This article relates to the use of a composite metallurgy of PtSi and Al-Cu as a metallurgy for semiconductor wiring. The metallurgy may be used both for forming ohmic contacts and for Schottky barrier diodes. Pure Cr interdiffuses readily with aluminum to form the Cr-Al, intermetallic. However, if the Cr is evaporated in an oxidizing ambient, such as H(2)O or O(2), a film which is a mixture of Cr and Cr(2)O(3) is formed which is significantly less reactive with Al than pure Cr. The Cr-Cr(2)O(3) film exhibits a negative temperature coefficient of resistivity unlike metals, which have a positive temperature coefficient of resistance. Typically, a partial pressure of H(2)O of approximately 3 x 10/-5/ torr is maintained in the evaporator during the entire Cr deposition.

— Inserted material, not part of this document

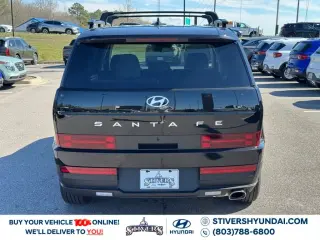 Hyundai SANTA FE 2026 SEL 4dr SUV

This mixture is a substantially better diffusion barrier between Al and PtSi than is pure Cr. The use of this mixture also reduces the need for the incorporation of Si in the Al-Cu alloy. The use of Si necessitates sintering at 400 degrees C or more to drive it into solution with the Al-Cu. The high temperature step causes Si to diffuse into the Al-Cu film and precipitate in grain boundaries, leading to several detrimental effects, such as increased conductive stripe resistance and etching. The use of the Cr-Cr(2)O(3) film eliminates the need for the Si so that the high temperature sintering step, to drive the Si into solutio...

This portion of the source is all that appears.